As she did in Too Rich to Live, Karen takes on the case with enthusiasm tempered by frequent irritation with the beautiful, self-absorbed Linda, who wants to control everything.
“What Karen wants is the truth,” Light says. “She delves down, she wants to know this truth, but of course there are unforeseen consequences. When things come to light, it doesn’t always mean paradise has arrived.”
For Light, too, paradise hasn’t quite arrived, but he’s pretty happy with his current status as editor and mystery novelist. He’s working on a third Glick novel and wrote a story published in June in the Akashic Books anthology Wall Street Noir. In April, Oceanview Publishing released Lady Killer, which he and his wife, Meredith Anthony, wrote a decade ago. It’s received praise from the magazines BookPage and Mystery Scene and the Bookpleasures and Fresh Fiction web sites.
Light, who, with Anthony, Alison Power, and Richard Cagan, co-wrote the tongue-in-cheek 101 Reasons Why We’re Doomed in 1994, prefers mysteries.

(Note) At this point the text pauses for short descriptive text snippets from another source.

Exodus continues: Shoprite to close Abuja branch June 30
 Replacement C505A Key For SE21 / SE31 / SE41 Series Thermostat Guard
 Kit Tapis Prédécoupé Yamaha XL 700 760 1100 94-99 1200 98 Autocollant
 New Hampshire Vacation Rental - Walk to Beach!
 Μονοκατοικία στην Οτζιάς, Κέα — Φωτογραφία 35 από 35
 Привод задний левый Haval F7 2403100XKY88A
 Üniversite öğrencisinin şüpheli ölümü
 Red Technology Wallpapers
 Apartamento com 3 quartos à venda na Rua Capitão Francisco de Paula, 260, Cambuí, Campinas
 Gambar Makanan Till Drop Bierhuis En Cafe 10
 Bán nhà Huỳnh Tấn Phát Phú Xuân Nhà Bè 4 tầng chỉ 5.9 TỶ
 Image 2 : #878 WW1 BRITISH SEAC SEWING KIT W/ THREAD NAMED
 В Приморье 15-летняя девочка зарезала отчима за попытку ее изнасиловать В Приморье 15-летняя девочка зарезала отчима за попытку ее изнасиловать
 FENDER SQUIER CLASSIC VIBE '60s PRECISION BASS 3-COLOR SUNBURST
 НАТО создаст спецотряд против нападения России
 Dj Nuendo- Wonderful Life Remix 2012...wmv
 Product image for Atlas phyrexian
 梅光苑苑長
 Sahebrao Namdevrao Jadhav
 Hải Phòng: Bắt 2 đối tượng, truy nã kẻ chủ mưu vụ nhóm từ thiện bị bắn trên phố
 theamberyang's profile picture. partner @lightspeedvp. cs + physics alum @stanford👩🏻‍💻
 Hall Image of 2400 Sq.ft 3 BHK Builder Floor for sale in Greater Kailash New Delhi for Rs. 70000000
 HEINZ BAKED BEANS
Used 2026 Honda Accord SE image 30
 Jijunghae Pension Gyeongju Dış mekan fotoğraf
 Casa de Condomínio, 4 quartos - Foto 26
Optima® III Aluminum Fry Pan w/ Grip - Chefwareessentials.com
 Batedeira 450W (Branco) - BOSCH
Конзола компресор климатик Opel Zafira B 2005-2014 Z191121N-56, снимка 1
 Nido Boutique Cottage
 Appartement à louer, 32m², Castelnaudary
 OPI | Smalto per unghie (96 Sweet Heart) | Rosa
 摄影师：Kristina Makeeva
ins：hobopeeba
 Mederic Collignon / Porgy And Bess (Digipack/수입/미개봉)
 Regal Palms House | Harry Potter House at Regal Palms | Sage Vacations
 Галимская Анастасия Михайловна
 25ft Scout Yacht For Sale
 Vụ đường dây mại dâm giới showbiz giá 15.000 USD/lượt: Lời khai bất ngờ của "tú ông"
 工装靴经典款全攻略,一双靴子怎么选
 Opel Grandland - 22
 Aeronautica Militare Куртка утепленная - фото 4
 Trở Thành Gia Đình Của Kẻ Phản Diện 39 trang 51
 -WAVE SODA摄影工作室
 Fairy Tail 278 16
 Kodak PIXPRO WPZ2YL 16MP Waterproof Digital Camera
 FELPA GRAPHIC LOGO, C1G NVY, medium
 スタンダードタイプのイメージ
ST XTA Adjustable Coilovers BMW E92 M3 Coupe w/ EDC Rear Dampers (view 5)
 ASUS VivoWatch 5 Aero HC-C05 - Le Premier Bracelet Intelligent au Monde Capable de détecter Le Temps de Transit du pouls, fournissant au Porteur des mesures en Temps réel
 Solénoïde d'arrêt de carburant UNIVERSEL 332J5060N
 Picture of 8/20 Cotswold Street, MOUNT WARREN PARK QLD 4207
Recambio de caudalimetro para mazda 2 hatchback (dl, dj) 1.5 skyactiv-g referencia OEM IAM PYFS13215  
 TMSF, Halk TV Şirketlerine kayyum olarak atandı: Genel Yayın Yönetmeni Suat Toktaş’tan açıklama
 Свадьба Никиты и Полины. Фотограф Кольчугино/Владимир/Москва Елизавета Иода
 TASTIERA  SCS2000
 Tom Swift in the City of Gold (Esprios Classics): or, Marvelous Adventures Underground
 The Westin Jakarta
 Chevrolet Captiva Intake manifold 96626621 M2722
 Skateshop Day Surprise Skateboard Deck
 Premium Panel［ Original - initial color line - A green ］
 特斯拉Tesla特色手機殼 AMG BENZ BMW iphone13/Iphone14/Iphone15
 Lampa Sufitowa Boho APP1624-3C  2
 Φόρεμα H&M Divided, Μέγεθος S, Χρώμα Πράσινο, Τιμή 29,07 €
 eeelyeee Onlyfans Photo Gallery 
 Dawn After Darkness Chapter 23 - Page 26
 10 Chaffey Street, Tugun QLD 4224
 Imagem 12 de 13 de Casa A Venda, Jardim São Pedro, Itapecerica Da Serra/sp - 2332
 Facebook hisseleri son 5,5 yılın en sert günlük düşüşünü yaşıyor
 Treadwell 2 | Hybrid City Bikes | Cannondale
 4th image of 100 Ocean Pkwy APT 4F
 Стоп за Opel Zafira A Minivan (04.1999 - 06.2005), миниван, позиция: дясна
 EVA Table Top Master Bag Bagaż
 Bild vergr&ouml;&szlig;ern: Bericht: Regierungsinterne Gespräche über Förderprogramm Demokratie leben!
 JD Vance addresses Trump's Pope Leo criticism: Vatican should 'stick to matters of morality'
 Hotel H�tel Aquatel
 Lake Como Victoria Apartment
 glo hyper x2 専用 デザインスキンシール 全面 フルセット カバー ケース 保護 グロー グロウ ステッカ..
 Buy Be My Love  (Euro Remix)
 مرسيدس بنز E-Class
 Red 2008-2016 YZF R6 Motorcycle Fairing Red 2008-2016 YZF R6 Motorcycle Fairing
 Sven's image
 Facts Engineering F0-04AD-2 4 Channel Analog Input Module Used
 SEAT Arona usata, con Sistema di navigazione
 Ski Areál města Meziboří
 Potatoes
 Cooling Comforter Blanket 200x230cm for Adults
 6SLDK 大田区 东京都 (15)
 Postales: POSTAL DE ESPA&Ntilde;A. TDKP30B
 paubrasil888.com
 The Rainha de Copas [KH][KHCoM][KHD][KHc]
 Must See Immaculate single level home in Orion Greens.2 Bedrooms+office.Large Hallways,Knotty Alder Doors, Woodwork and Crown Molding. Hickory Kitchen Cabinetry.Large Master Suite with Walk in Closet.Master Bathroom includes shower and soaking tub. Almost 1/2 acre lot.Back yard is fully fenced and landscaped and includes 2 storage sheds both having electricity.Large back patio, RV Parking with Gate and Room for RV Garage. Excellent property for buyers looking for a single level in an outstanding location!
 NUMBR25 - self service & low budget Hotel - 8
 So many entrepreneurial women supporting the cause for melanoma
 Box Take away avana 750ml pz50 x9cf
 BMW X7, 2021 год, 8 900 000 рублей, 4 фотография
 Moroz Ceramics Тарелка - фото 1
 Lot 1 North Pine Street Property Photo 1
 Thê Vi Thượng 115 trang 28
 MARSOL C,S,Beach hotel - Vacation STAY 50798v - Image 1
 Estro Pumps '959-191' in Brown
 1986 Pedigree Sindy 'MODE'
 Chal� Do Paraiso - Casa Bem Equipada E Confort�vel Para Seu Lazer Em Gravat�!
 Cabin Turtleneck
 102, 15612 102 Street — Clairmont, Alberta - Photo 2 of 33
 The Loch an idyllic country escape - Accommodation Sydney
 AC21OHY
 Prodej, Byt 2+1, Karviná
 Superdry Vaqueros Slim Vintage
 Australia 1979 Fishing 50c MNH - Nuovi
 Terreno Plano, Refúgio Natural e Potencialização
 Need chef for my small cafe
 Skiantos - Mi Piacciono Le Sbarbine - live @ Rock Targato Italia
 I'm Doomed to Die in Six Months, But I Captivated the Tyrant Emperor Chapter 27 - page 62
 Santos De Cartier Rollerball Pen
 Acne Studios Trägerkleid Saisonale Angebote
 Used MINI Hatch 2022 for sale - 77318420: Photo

“I’ve loved mysteries all my life,” he says, explaining that he is especially fond of Agatha Christie novels and Rex Stout’s Nero Wolfe series.
For the Glick mysteries, Light chose a woman as his protagonist because he wanted someone who had to overcome a series of obstacles.
“I wanted an underdog,” he says. “Karen wants to be an investigative reporter, which is a man’s field. Everyone says to her, ‘you’re a nice girl,’ but she knows she’s tough enough.”
Light also wanted his character to be quirky, with a quirky family to match. Karen’s father, who’s “deep into middle age,” is a perennial grad student, her mom is a do-good social worker, and her grandmother is a Communist-turned-Republican.
As for his plots, Light says, “I’m making fun of my own profession and I’m making fun of the rich.”
He’s also getting the chance to lay bare the fantasies he had fostered in his years as a reporter and editor.
“I’ve covered Wall Street, I’ve covered cops, I’ve covered politics,” he says. “In fiction, I can go one better.”